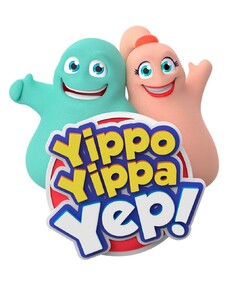 YIPPO YIPPA YEP!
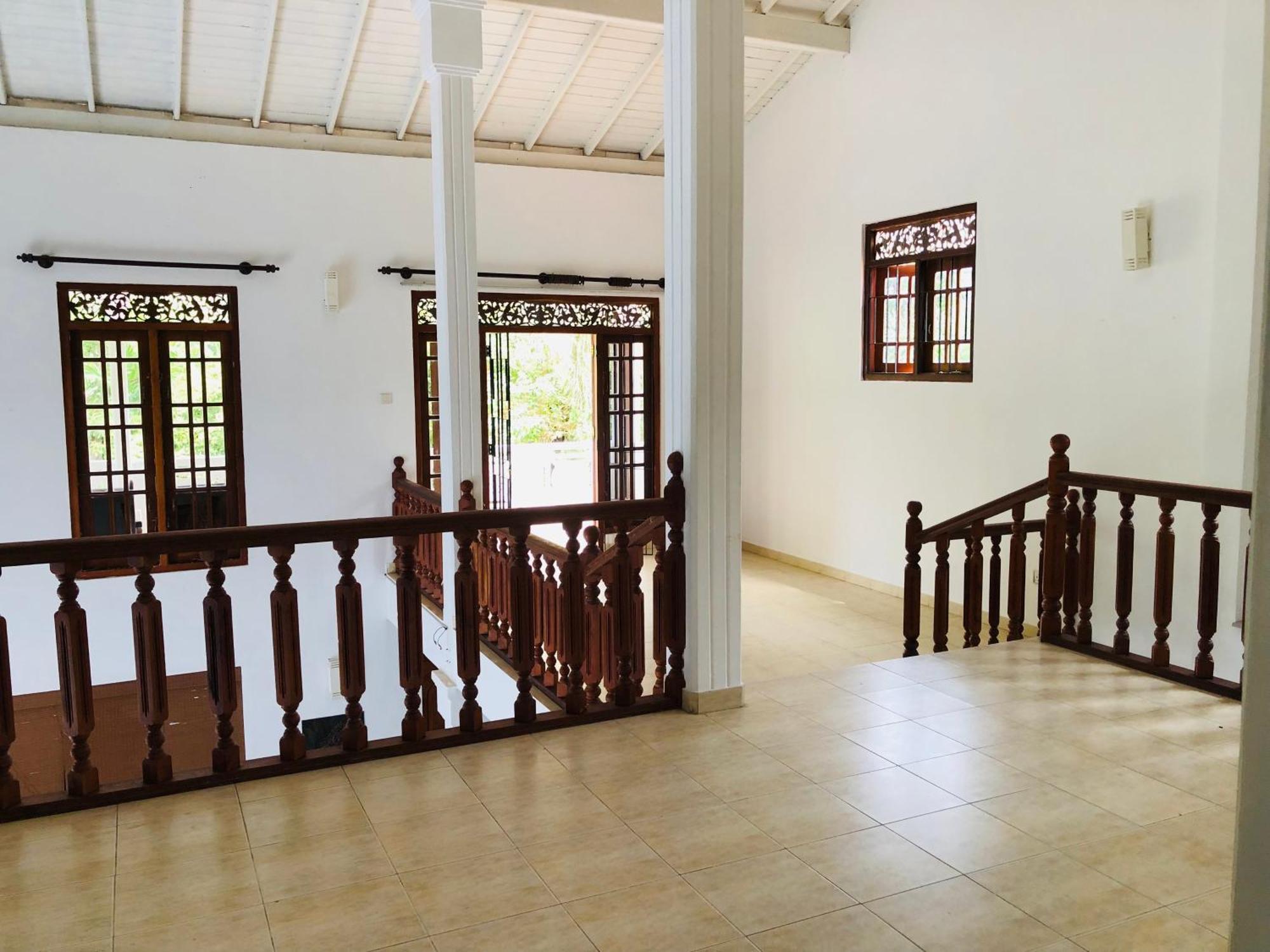 Hikka Villa Хіккадува Екстер'єр фото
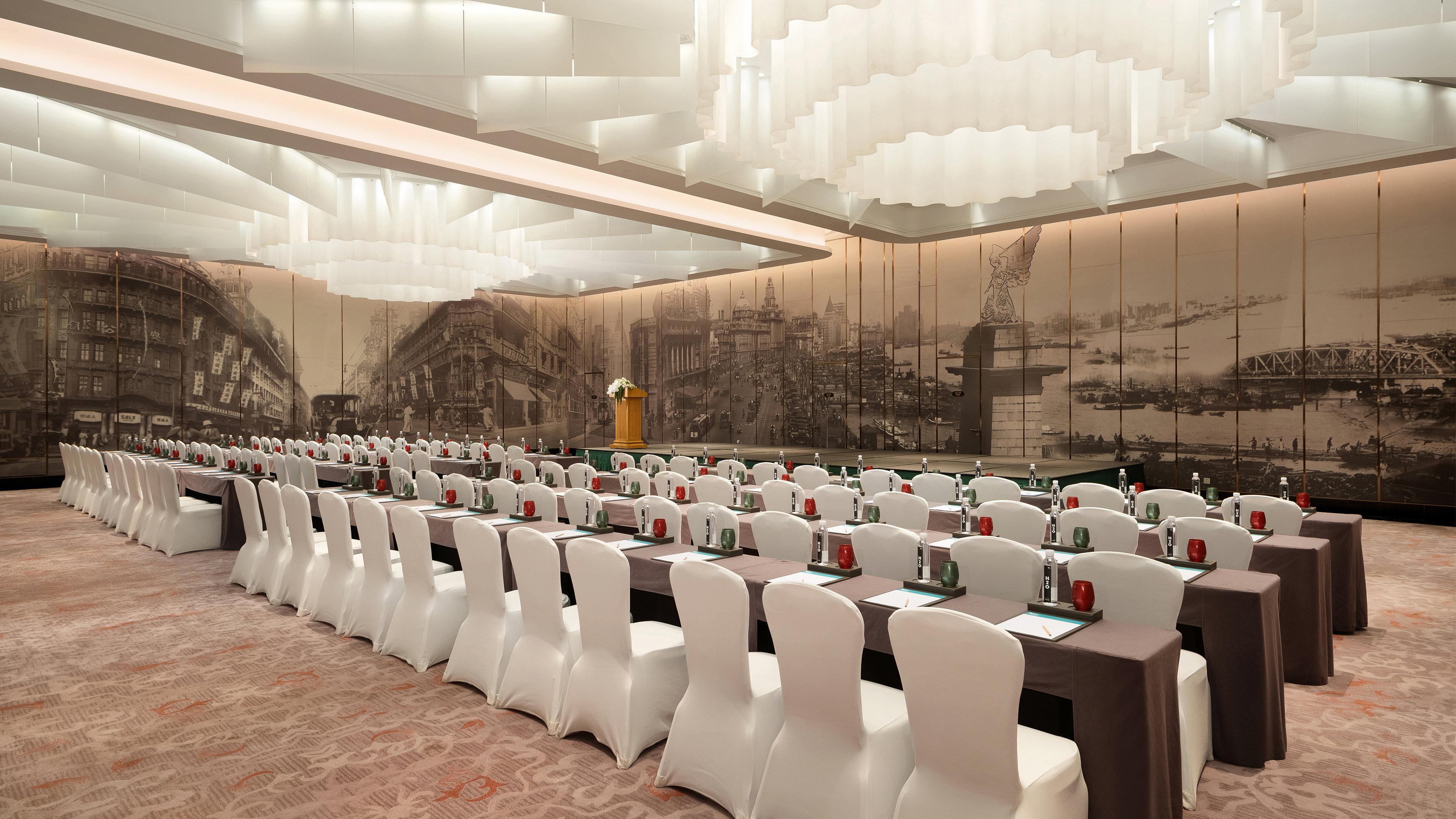 Hotel Indigo Shanghai Hongqiao, An Ihg Hotel Esterno foto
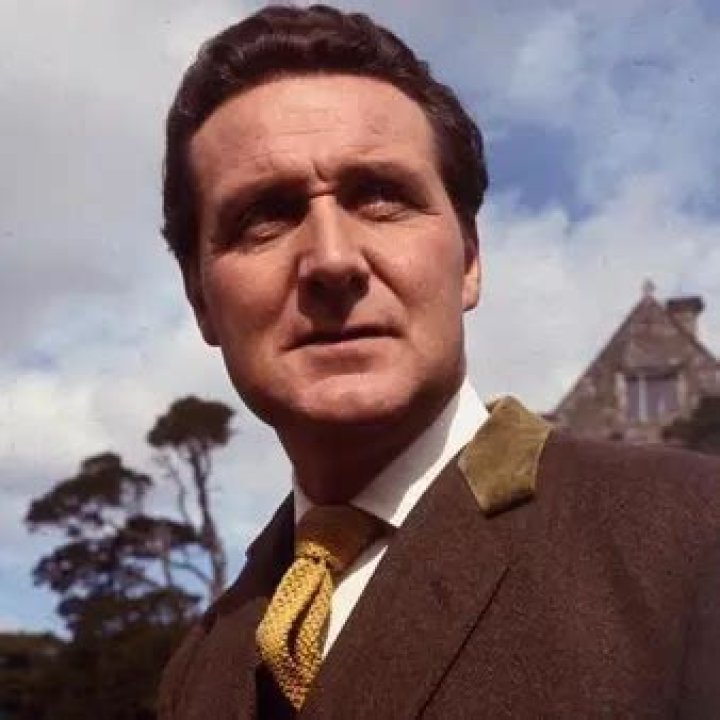 Patrick Macnee Net Worth | Celebrity Net Worth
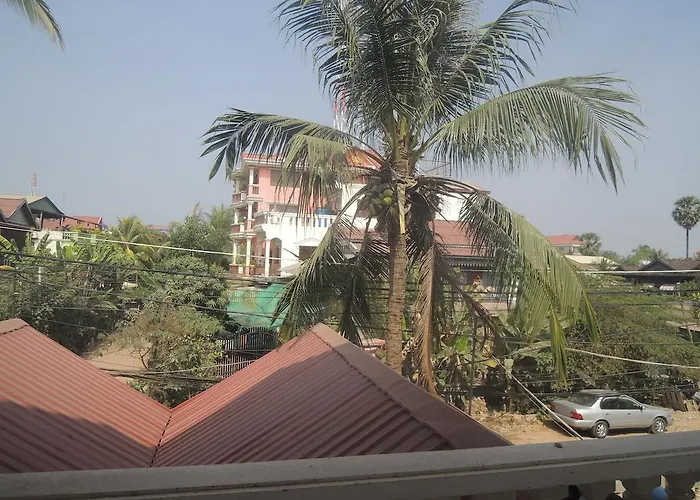 Hostel Same Same Backpacker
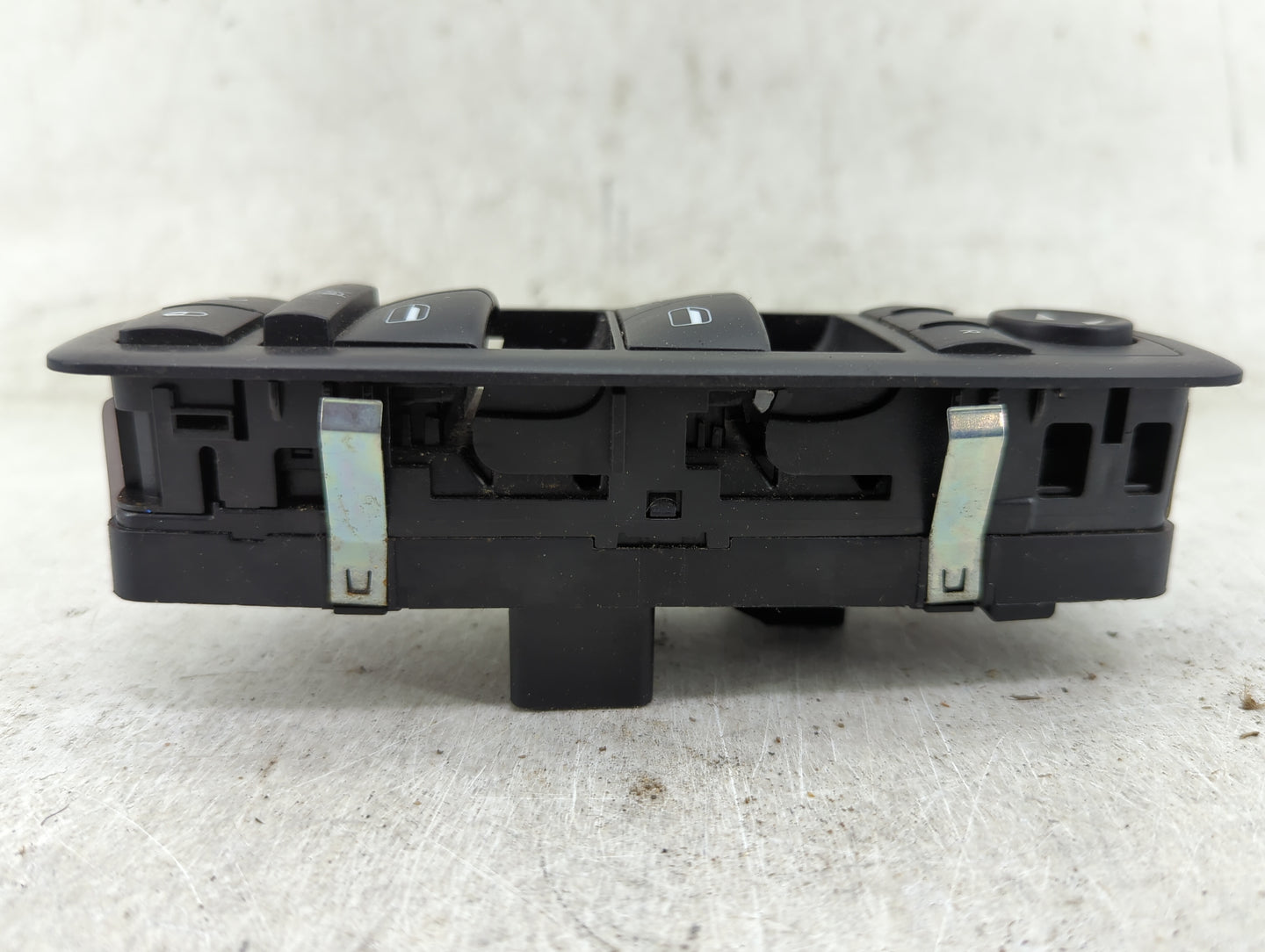 2019 Dodge Caravan Master Power Window Switch Replacement Driver Side Left P/N:68298871AA Fits OEM Used Auto Parts - Oemused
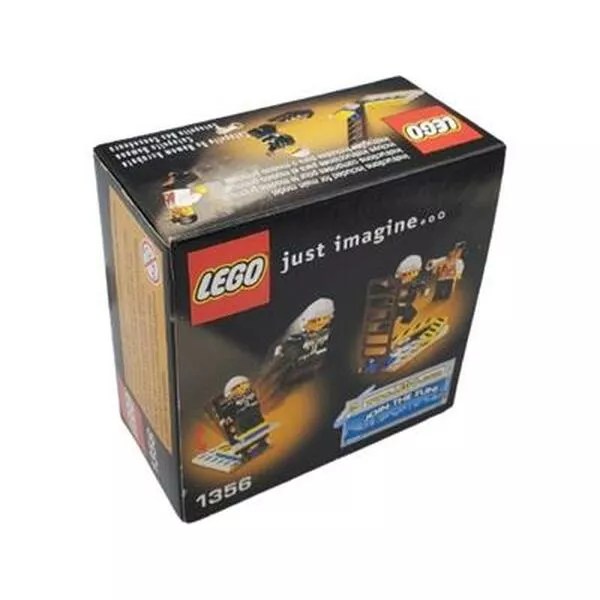 Studios 1356 Stuntman Catapult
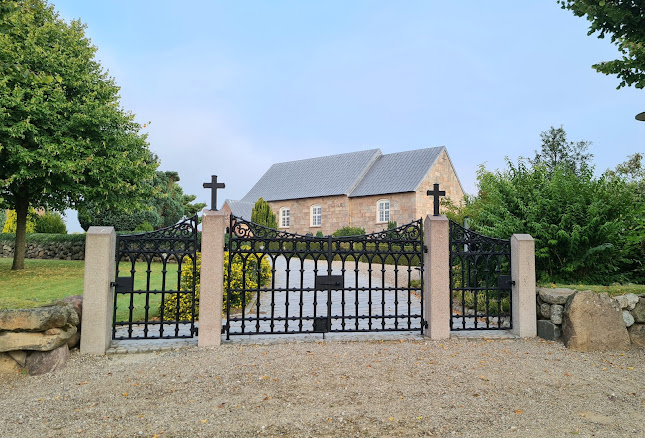 Ensted Kirke - Haderslev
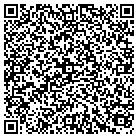 QR code with Ace Foster Care & Pediatric contacts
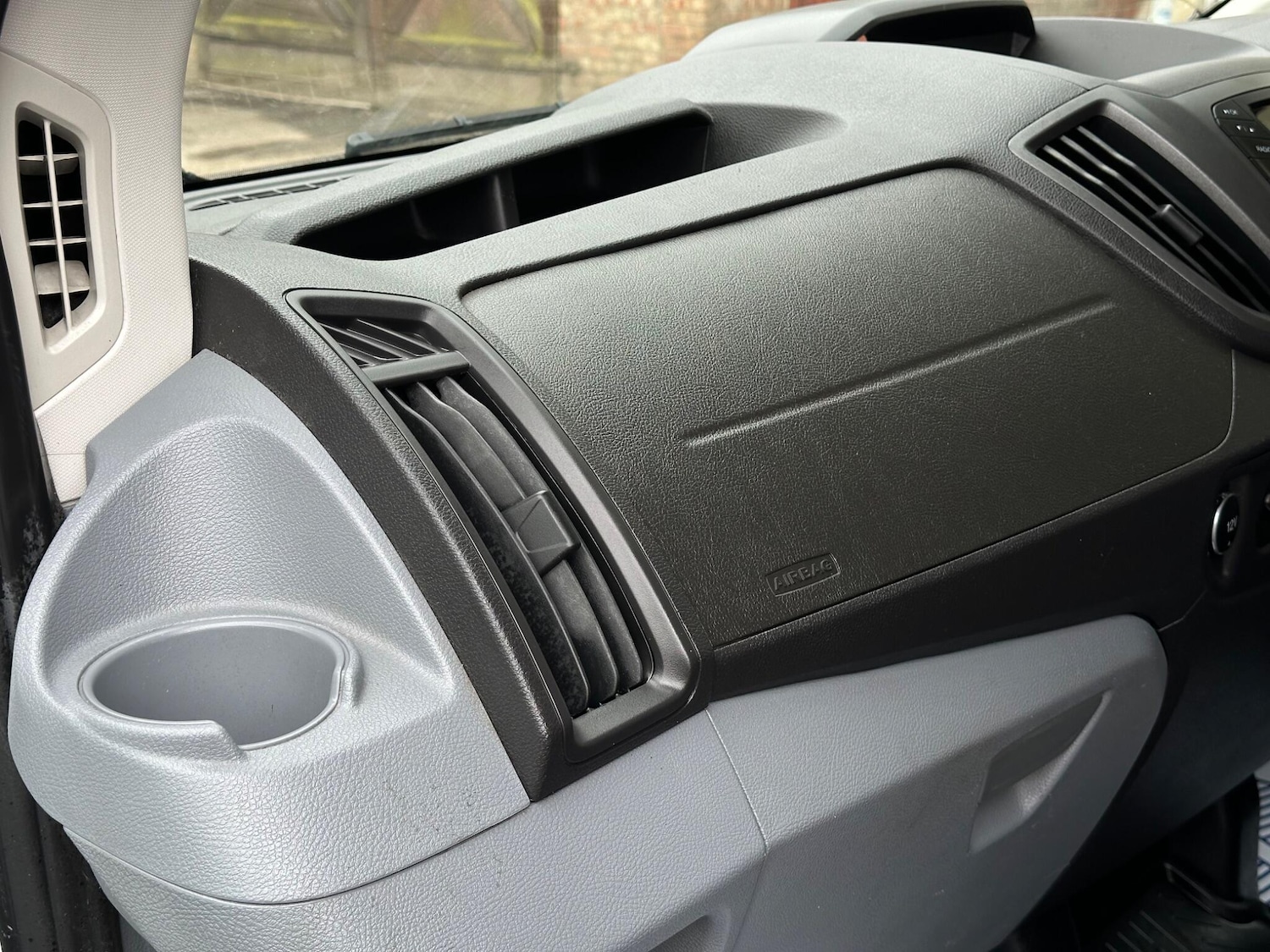 Used Ford Transit 2018 for sale - 78086335: Photo 21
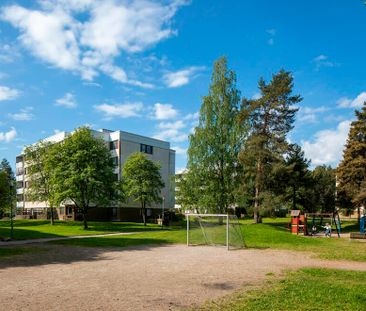 Porfyrvägen 5 - Photo 3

Activity: Only exact duplicates of the lines from the one containing "Hostel Same Same Backpacker" through the final line of the entries, both included, are needed, with pictures left out.

Result of this exercise:
 Hostel Same Same Backpacker
 2019 Dodge Caravan Master Power Window Switch Replacement Driver Side Left P/N:68298871AA Fits OEM Used Auto Parts - Oemused
 Studios 1356 Stuntman Catapult
 Ensted Kirke - Haderslev
 QR code with Ace Foster Care & Pediatric contacts
 Used Ford Transit 2018 for sale - 78086335: Photo 21
 Porfyrvägen 5 - Photo 3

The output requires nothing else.